### What you will do
What is wanted is every line below from the one with "Stamp ID#338246 (1-351-259)" up to and including the one with "Oscar Peterson - Something Warm", retyped exactly, pictures excluded, nothing else.

### Data for the task
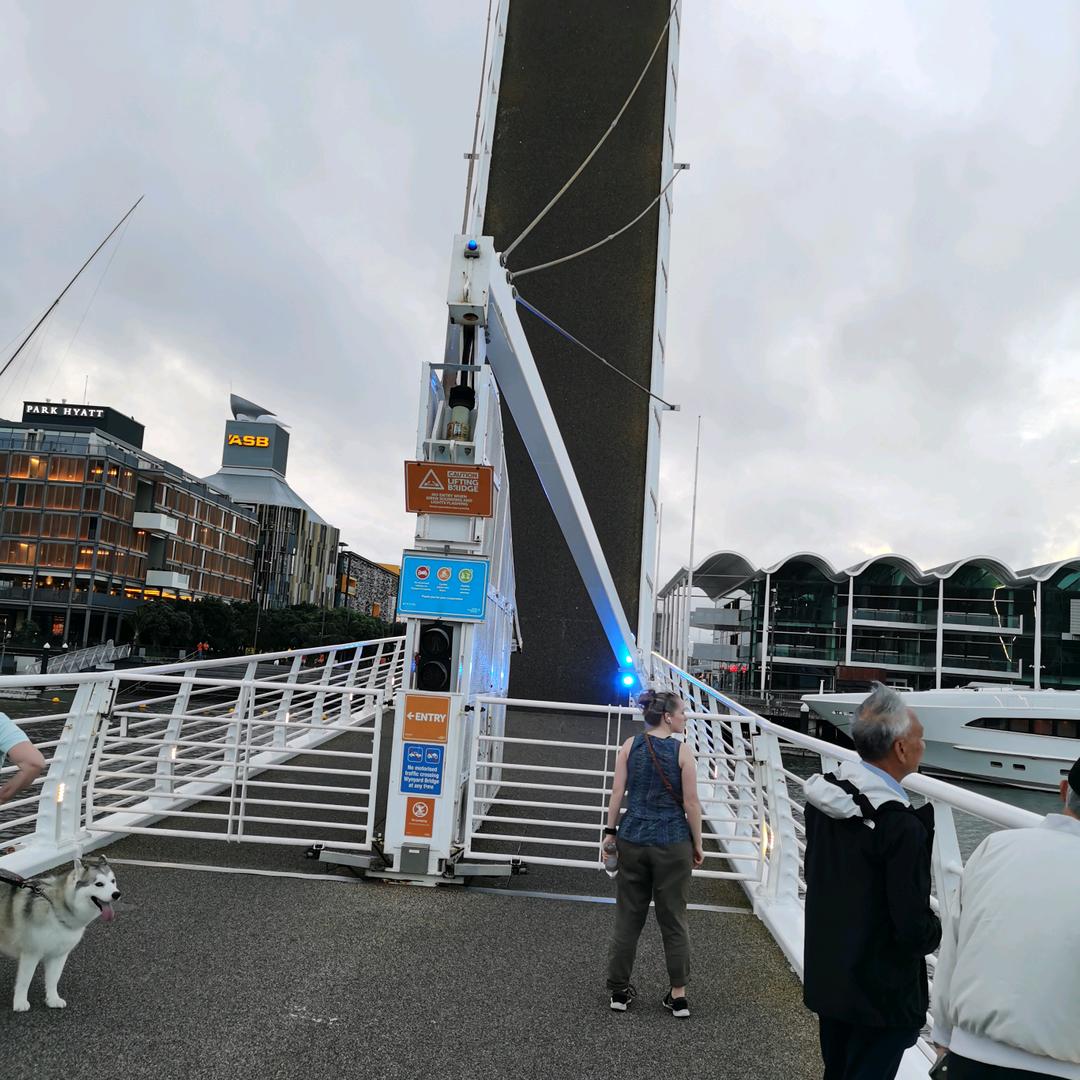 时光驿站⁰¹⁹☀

* * *

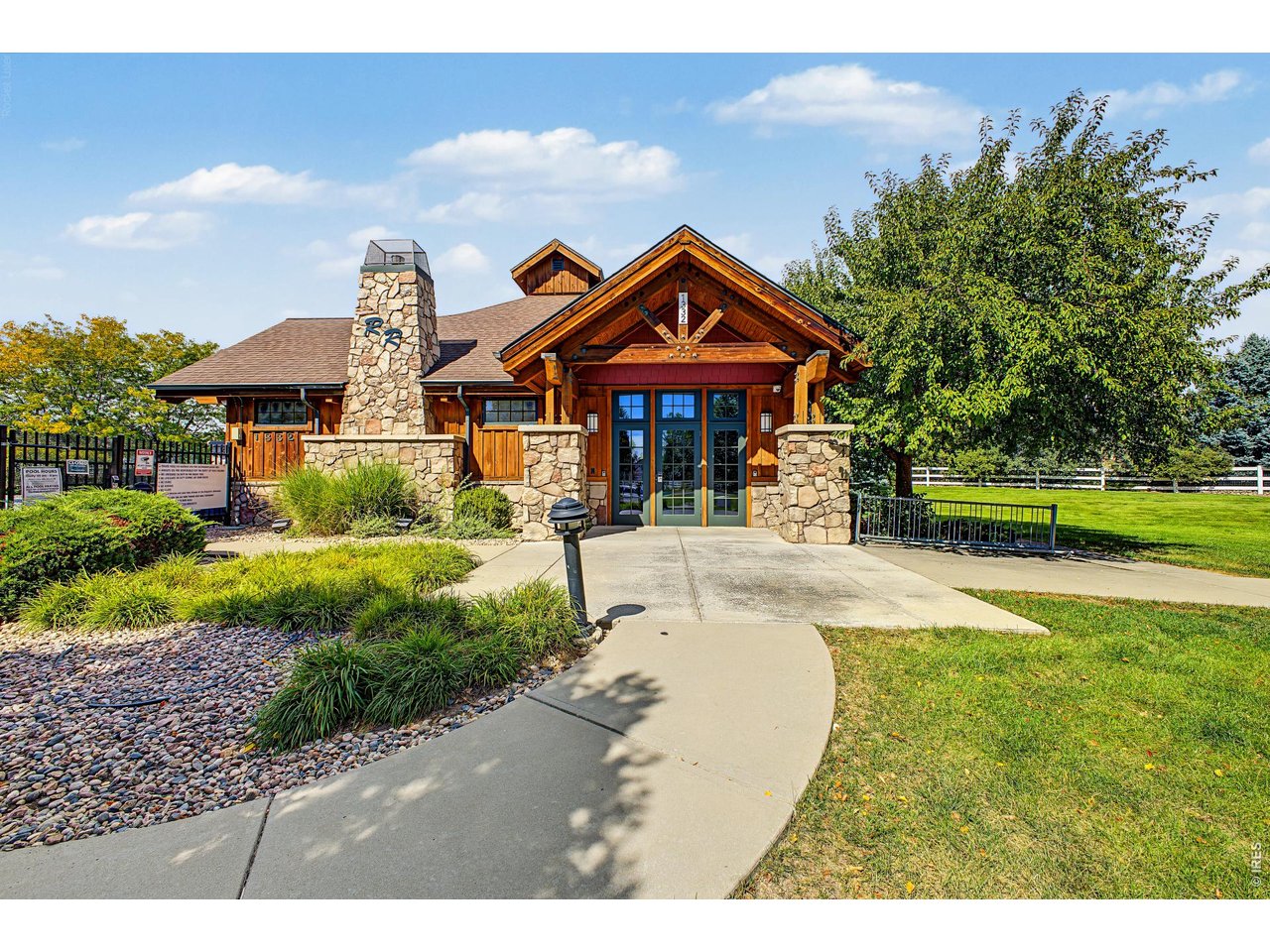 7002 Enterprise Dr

* * *

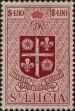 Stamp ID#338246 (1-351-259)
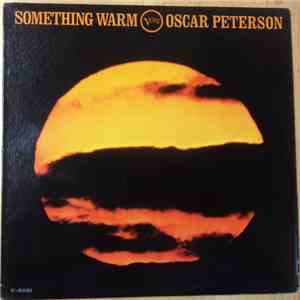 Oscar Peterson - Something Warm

### Task answer
 Stamp ID#338246 (1-351-259)
 Oscar Peterson - Something Warm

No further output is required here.